Ziyed, delinquente comune con precedenti per furti, rapine e spaccio, era rimasto al bar di Vitry fino alle 3 del mattino, poi era stato fermato ad alta velocità e fari spenti nei pressi di casa. Lì la reazione con la pistola a pallini contro il posto di blocco, poi il succedersi di episodi di violenza fino all’assalto ad Orly, al grido di “morire per Allah”.

I risultati dell’autopsia gettano una luce nuova sui fatti, il concatenarsi di azioni, l’escalation di violenza non sono un piano preordinato, piuttosto gli effetti di uno stato di alterazione. Il padre, in mattinata, aveva detto a Europe 1, che il figlio non era mai stato un terrorista: “L’islam? Non veniva alla preghiera, beveva.

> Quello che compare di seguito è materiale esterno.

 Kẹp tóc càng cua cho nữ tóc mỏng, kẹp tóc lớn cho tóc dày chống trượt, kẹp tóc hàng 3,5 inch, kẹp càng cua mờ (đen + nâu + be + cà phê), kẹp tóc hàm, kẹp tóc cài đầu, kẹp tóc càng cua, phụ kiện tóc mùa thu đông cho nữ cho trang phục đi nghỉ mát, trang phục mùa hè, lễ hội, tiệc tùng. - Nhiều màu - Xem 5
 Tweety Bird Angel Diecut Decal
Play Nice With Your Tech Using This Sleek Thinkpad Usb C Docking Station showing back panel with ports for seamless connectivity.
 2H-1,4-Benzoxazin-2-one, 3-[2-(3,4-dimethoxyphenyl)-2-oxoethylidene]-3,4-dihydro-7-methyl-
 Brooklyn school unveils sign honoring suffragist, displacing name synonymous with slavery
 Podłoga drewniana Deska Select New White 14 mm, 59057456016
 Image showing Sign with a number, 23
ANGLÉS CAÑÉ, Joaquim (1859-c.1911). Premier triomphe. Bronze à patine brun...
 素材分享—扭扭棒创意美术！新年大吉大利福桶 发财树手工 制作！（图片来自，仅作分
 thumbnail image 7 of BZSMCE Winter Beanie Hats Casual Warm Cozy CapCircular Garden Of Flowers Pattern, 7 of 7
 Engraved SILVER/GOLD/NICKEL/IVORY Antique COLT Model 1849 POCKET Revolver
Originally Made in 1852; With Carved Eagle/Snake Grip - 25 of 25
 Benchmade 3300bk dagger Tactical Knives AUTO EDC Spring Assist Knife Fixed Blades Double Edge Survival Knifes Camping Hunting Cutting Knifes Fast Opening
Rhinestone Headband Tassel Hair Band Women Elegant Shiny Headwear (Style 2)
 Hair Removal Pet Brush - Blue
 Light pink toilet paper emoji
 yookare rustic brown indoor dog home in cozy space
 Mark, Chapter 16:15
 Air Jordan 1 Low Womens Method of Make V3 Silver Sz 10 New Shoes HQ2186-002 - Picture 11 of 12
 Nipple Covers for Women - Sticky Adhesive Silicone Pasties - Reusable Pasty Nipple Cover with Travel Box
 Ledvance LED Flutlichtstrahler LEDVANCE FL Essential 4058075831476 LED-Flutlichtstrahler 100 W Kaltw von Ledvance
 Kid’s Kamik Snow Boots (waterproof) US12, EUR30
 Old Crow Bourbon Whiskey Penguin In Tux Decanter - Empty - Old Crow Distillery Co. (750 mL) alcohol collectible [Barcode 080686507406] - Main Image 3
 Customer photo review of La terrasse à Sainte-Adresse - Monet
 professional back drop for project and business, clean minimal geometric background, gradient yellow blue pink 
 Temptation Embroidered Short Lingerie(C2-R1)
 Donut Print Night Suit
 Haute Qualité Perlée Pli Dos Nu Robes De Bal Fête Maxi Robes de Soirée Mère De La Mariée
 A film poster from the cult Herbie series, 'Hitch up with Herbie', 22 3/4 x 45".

Vedete quello che possono fare alcol e droga…”.    

Sul piano politico, comunque, ogni episodio che mette in discussione la sicurezza della Francia sembra giovare a Marine Le Pen, unica a non risentire negativamente delle inchieste della magistratura a suo carico.

Sabato, mentre l’aeroporto era ancora chiuso per l’aggressione ai tre militari e la reazione con l’uccisione di Belgacem, ha accusato il governo di incapacità di reagire. Nei sondaggi, però, la presidente del Front National non sembra premiata per questa politica, anzi, viene raggiunta da Emmanuel Macron, che nel suo programma non ha certo la sicurezza al primo posto. Adesso sono entrambi al 26%, un testa a testa verso il ballottaggio che sembra lo scenario più probabile a 5 settimane dal voto, anche se il rischio di un’intensificazione degli attentati apre pesanti interrogativi.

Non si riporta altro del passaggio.